Rather than the change of body, “Proteus” as a shape shifter, is better personified by Steven’s change of mind. As he first steps on the beach his mind dwells on what he sees, and looks at everything with equal scrutiny. “Signatures of things I am here to read, seaspawn and seawrack, the nearing tide, that rusty boot. Snot green, bluesilver, rust; colored signs.” But then he decides to close his eyes and everything goes haywire. Stevens mind begins to go one hundred miles an hour, changing from this to that. Sometimes not even reaching a full sentence. Just a word, and then something else. He dives into his past, then back to the present, then into the further past, and then the future. All the while, the passages are written with the same amount of importance. At times, for example when he thinks about going to his aunt and uncles house, I couldn’t figure out if he was just thinking about it or actually going there. In conjunction with Homer, it is the reader who is Menelaus and Steven’s thought process personifies Proteus. It is a beautiful comparison; Proteus and the mind.

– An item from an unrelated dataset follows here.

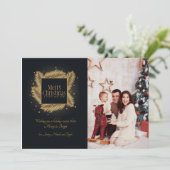金ゴールドとブラッククリスマスの写真カード サンキューカード (スタンド正面)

One part that I found very confusing is when Steven find the dogsbody. I am still not sure whether it is Steven who transforms into a dogsbody, or whether he just sees it. Remember, the dog goes over the smell the dogsbody.
“Ah, good old dogsbody. Here lies dogsbody’s body.
-Tatters! Get out of that, you mongrel.
The cry brought him skulking back to his master and a blunt bootless kick sent him unscathed across a spit of sand, crouched in flight. He slunk back in a curve. Doesn’t see me…”
I cant tell whether it is Steven or the dogsbody that the master calls his dog away from. Does the dogsbody refer to the way Steven sees himself? Or the way he assumes other people to see him?